Politik

Eine Person steigt in einen Zug am Bahnsteig in Ansbach. (Foto: dpa/Daniel Löb)

30.01.2023

Ein Ticket – und noch viele offene Fragen

Trotz des nun von Bund und Ländern festgelegten Starttermins sind beim 49-Euro-Monatsticket für Busse und Bahnen im Regionalverkehr noch viele Themen ungeklärt – auch aus Bayern gibt es vor allem einen noch unerfüllten Wunsch

Die Pläne für das 49-Euro-Monatsticket für Busse und Bahnen im Regionalverkehr werden konkreter. Bund und Länder einigten sich am Freitag auf das Startdatum 1. Mai. Der Verkauf soll Anfang April losgehen. Aber noch immer sind Detailfragen ungeklärt. Dabei geht es auch um die Frage, ob das Ticket tatsächlich rein digital angeboten wird – womit gerade Bayern ein Problem hätte. Ein Überblick.

Das Ticket: Das 49-Euro-Monatsticket für den ÖPNV gilt als Nachfolge-Angebot für das im vergangenen Sommer ausgelaufene 9-Euro-Ticket. Mit ihm können Inhaber bundesweit Busse und Bahnen des Regionalverkehrs benutzen - für 49 Euro im Monat. Das Angebot soll vor allem die unübersichtliche Angebotsstruktur der zahlreichen Verkehrsverbünde in Deutschland vereinfachen und mehr Menschen in den ÖPNV bringen. Das Ticket ist jeweils für einen Monat gültig und wird automatisch verlängert, wenn der Inhaber nicht rechtzeitig kündigt.
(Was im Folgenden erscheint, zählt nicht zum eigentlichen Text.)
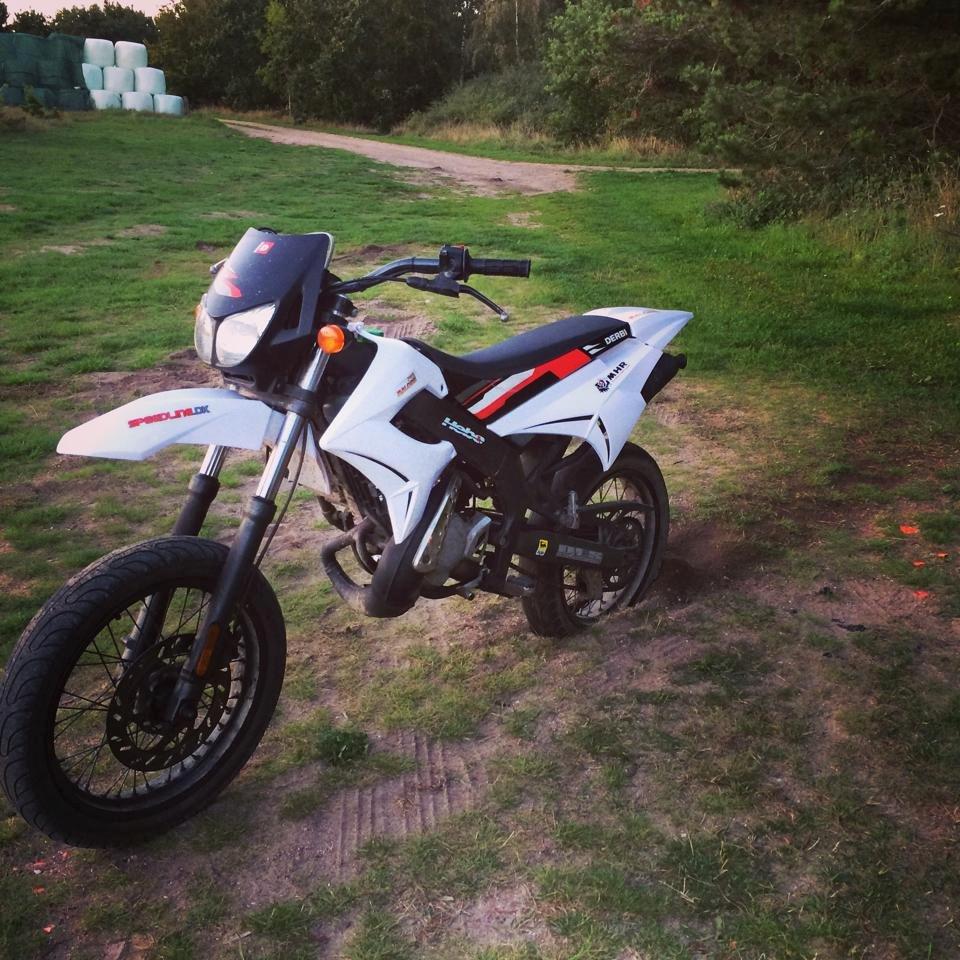 Derbi SM X-treme billede 7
Die Einigung: Nach monatelangem Streit einigten sich Bund und Länder auf der Sitzung einer gemeinsamen Arbeitsgruppe am Freitag: "Das, was viele sich wünschen, wird zum 1. Mai Realität", sagte der Vorsitzende der Verkehrsministerkonferenz, NRW-Verkehrsminister Oliver Krischer (Grüne), im Anschluss. Verkaufsstart des Abos ist demnach der 3. April.
Entschieden haben beide Seiten auch über das sogenannte Jobticket: Demnach haben Arbeitgeber die Möglichkeit, ihren Beschäftigten das 49-Euro-Ticket als Jobticket bereitzustellen. Wenn sie dabei einen Abschlag von mindestens 25 Prozent gewähren, geben Bund und Länder einen weiteren Abschlag von fünf Prozent dazu. Arbeitnehmer könnten auf diese Weise das Ticket also für mindestens 30 Prozent weniger erhalten. 

Ein bürokratisches Detail: Der neue Tarif wird zunächst nicht - wie sonst üblich - von den regional zuständigen Behörden genehmigt, sondern einheitlich über den Bundesgesetzgeber. Damit drohen keine schwarzen Flecken bei der Gültigkeit, weil hier und dort noch eine Tarifgenehmigung aussteht. Bundesverkehrsminister Volker Wissing (FDP) nannte die Einigung am Freitagnachmittag ein "gutes Signal für all die Menschen, die dringend auf die Einführung des Tickets warten". Auch Baden-Württembergs Verkehrsminister Winfried Hermann (Grüne) äußerte sich zufrieden. "Es ist gut, dass man einen großen Schritt weitergekommen ist", teilte er mit. "Die restlichen Fragen sollten so schnell wie möglich abgearbeitet werden, damit der 1. Mail als Starttermin auf jeden Fall klappt."

Daran könnte es noch scheitern: Weil der Bund die Verkehrsunternehmen für ihre Umsatzeinbußen durch das 49-Euro-Ticket mit Milliardensummen kompensiert, berührt das Vorhaben beihilferechtliche Fragen auf EU-Ebene. Der Bund steht derzeit mit der Kommission im Austausch, die dem ganzen noch zustimmen muss. Bleibt das grüne Licht aus Brüssel aus, dürfte das das vorläufige Ende für das 49-Euro-Ticket bedeuten.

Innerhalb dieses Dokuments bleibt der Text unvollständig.